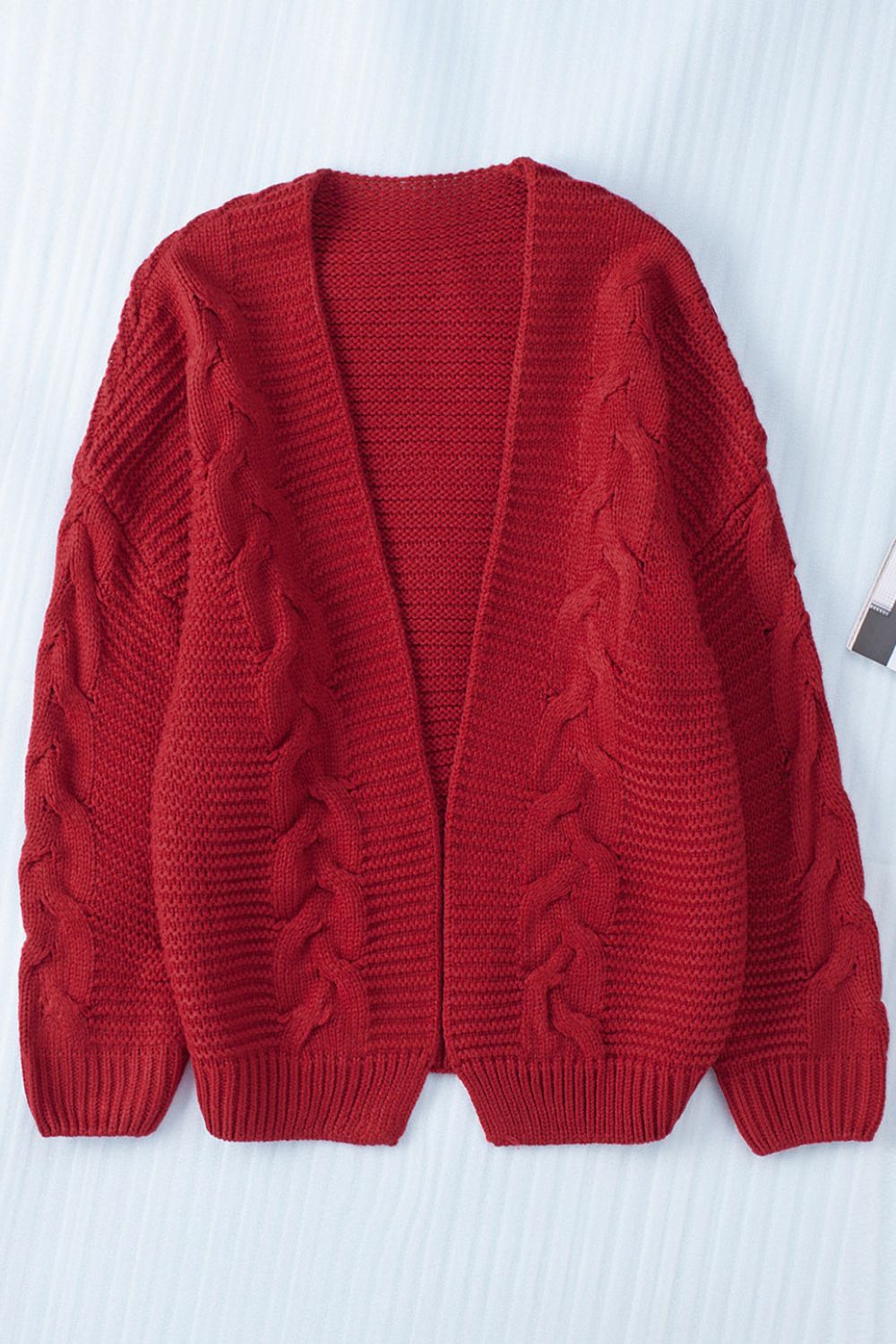 Cable-knit open front cardigan.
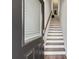 Interior shot of the stairs inside a home; the stairs are modern with wooden rails at 3533 Settlement Rd, Tucker, GA 30084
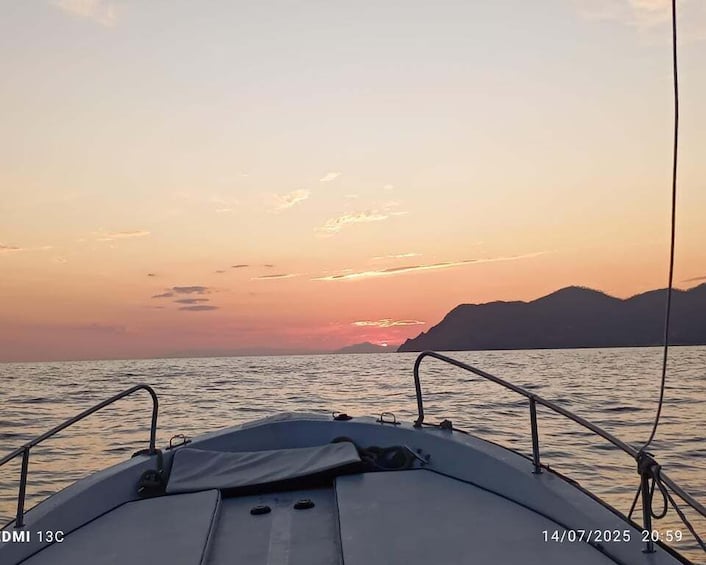 A boat at sunset with mountains in the background. 4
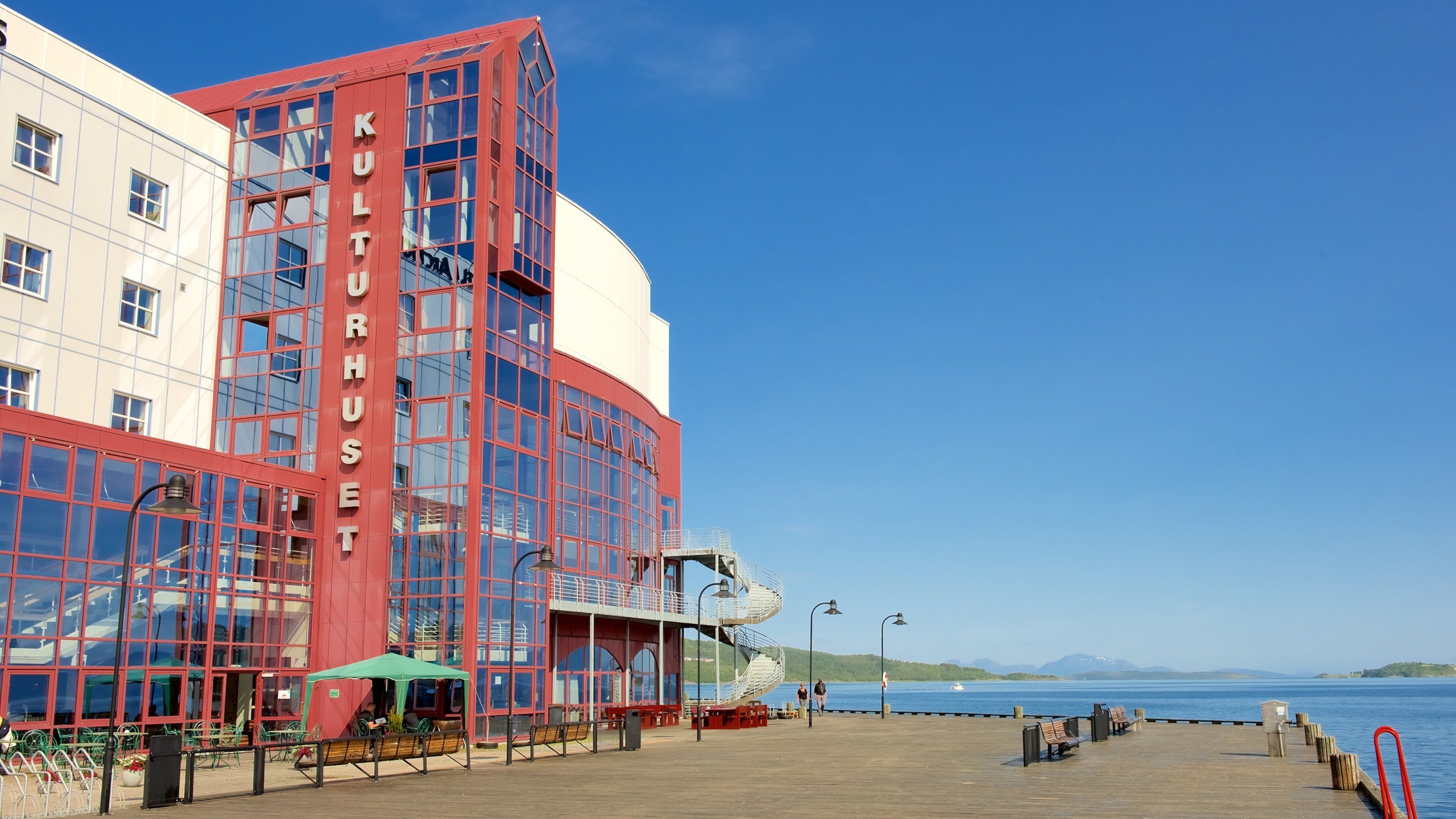 Un edificio sul lungomare con facciata rossa e ampie finestre, un molo di legno con panchine, e un cielo azzurro limpido.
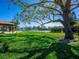Beautifully landscaped grounds with mature trees and community amenities at 3523 52Nd W Ave, Bradenton, FL 34210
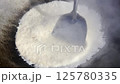 Asian cook is cooking in thai kitchen in local traditional country style, preparing sizzling thai green curry paste being stir fried in traditional wok to cook thai food green curry popular worldwide 125780335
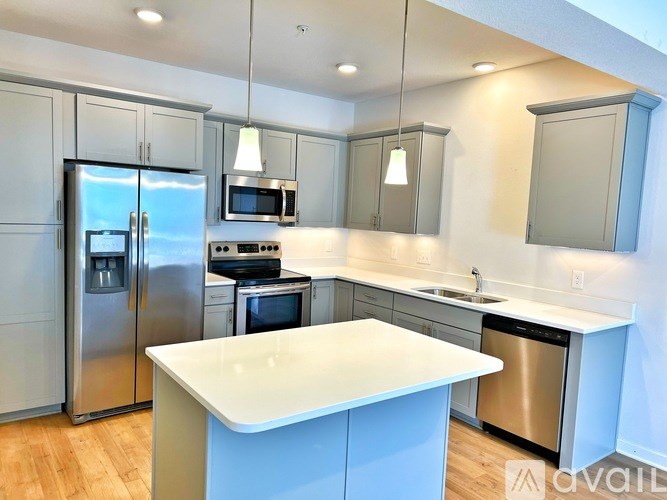 A modern kitchen with a white island and stainless steel appliances.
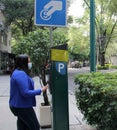 Latin adult woman with protection mask paying public parking on the street, new normal covid-19 Royalty Free Stock Photo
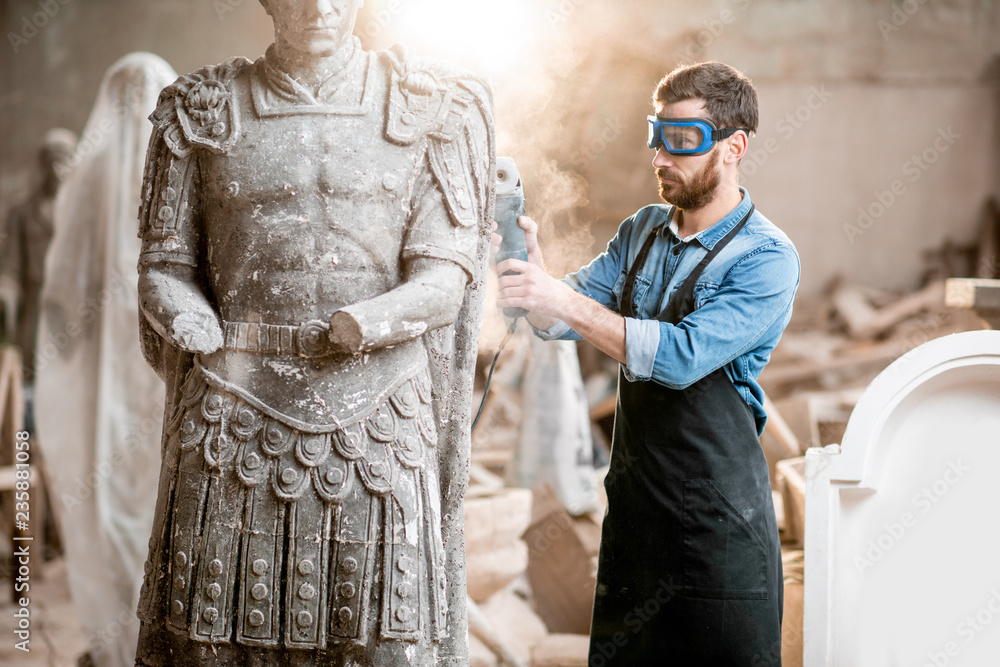 一位英俊体贴的雕塑家的肖像，穿着蓝色t恤和围裙，与石雕一起工作o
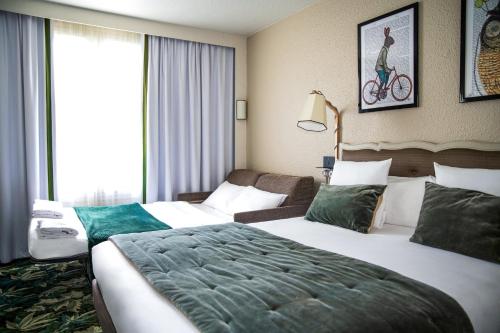 a hotel room with two beds and a bike on the wall at Hotel Novotel Domaine de Maffliers - Paris Val-d'Oise in Maffliers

= Directions for this task =
Restate exactly, please, only the lines between the start of the data and the line containing "Beautifully landscaped grounds", both ends included, skipping the pictures.

= Solution to the exercise =
 Cable-knit open front cardigan.
 Interior shot of the stairs inside a home; the stairs are modern with wooden rails at 3533 Settlement Rd, Tucker, GA 30084
 A boat at sunset with mountains in the background. 4
 Un edificio sul lungomare con facciata rossa e ampie finestre, un molo di legno con panchine, e un cielo azzurro limpido.
Beautifully landscaped grounds with mature trees and community amenities at 3523 52Nd W Ave, Bradenton, FL 34210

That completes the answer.